診断のポイント
【1】ドーム状に隆起した直径1~2cm大の囊胞性腫瘤。
【2】腫瘤表面の皮膚は正常。内容物が透見されて青みを帯びたグレーの色調のこともある。
【3】無痛性。
【4】腫瘤は皮内と皮下の場合があるが,必ず直上皮膚に固着する。
【5】表面皮膚の中心に開口部を有する場合は,圧すると悪臭のある白色粥状物が出る。
症候の診かた
【1】部位
❶顔面,耳介周囲,後頸部から背部,殿部,鼠径部などに多いが,それ以外にも発生する。
❷まれに足底や手掌にも発生し,その場合は皮膚の角質層が厚い部位であるため診断が難しい。
【2】内容物
❶中心に点状の開口部を有する場合は悪臭のある排出物があることが多い。腫瘤は囊胞状であり,内容物は皮脂や表皮の角質成分から成る白色粥状物である。ここに細菌感染が生じて悪臭ある粥状物質となる。開口部のない場合も多い。
❷粉瘤は皮膚付属器組織原発の皮内腫瘍であるので,腫瘤は皮膚との間に可動性がない一方,下床の皮下脂肪との間ではよく動く。
【3】急性炎症
❶外来に訪れる患者のほとんどは,感染して疼痛・発赤を伴った急性期に来院する(図1図)。また,何回か感染を繰り返している場合も多い。

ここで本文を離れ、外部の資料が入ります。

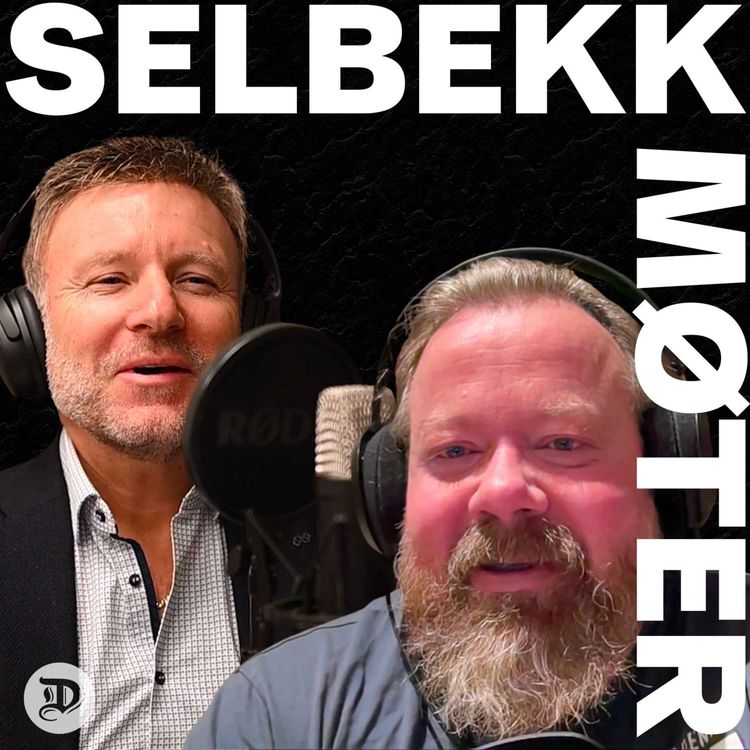 cover art for Selbekk møter Ole Asbjørn Ness: Nyfrelst Ness snakker ut om frelsesopplevelsen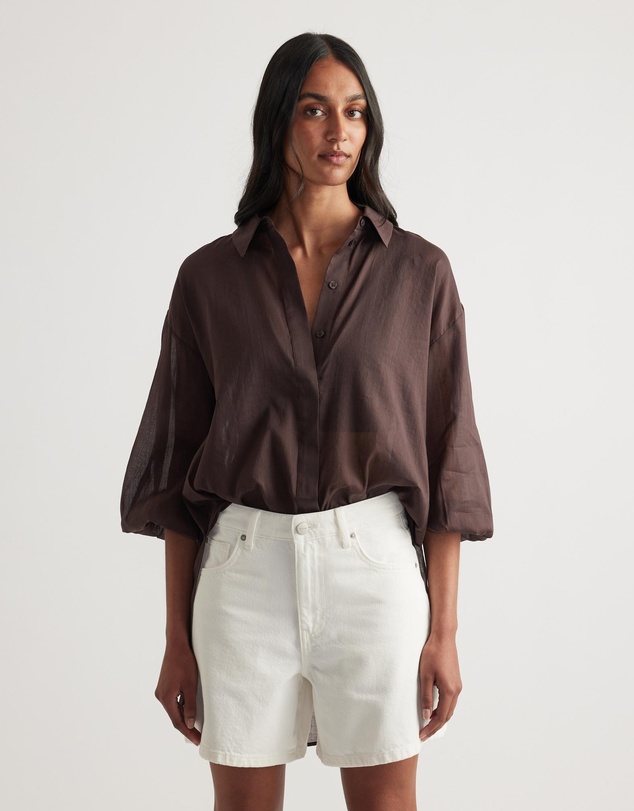 Decjuba - Bailey Oversized Shirt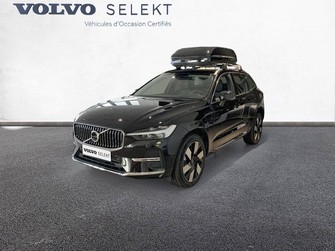 Photo Volvo XC60 XC60 T6 AWD Hybride rechargeable 253 ch+145 ch Geartronic 8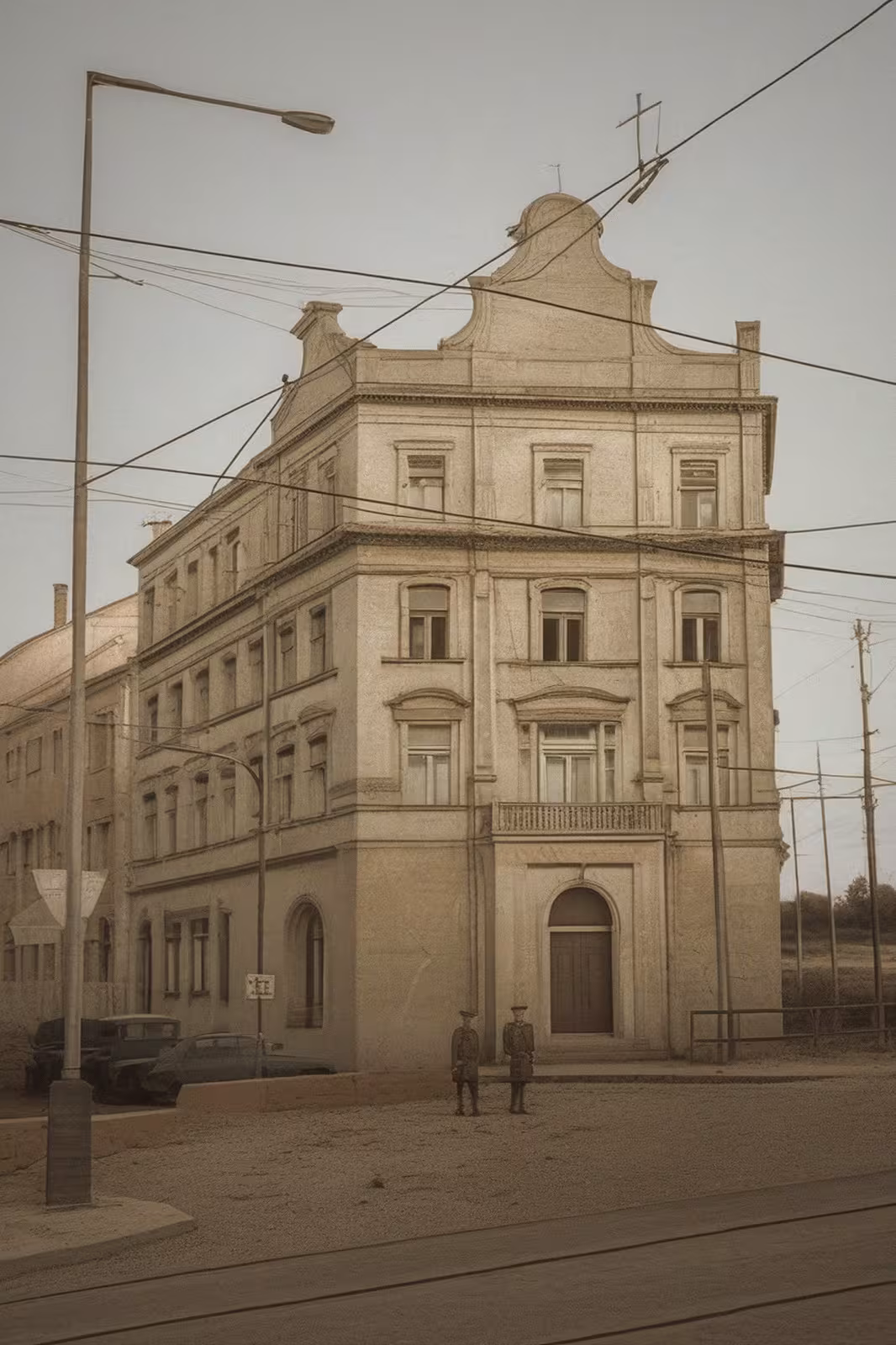 Historická podoba – Národní dům (Praha 4)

❷足底や手掌などの荷重部でない限り無痛性であるため,顔面など目立つ部位以外では感染を生じてから自覚する。そのため腫瘤の発生時期や発育速度は問診で正しい情報を得られることはまれである。
検査所見とその読みかた
画像診断が有効である。
【1】表在超音波検査・CT:超音波検査では腫瘤が皮内にあることを確認できる。また,内容物が漿液でなく粥状物であることも確認できる。
【2】試験穿刺はしない。内容が液体でなく粥状なので吸引できない。感染の急性期であれば内容物は膿汁であるから,細菌検査には有効であるが診断につながらない。その場合は穿刺ではなく切開排膿すべきである。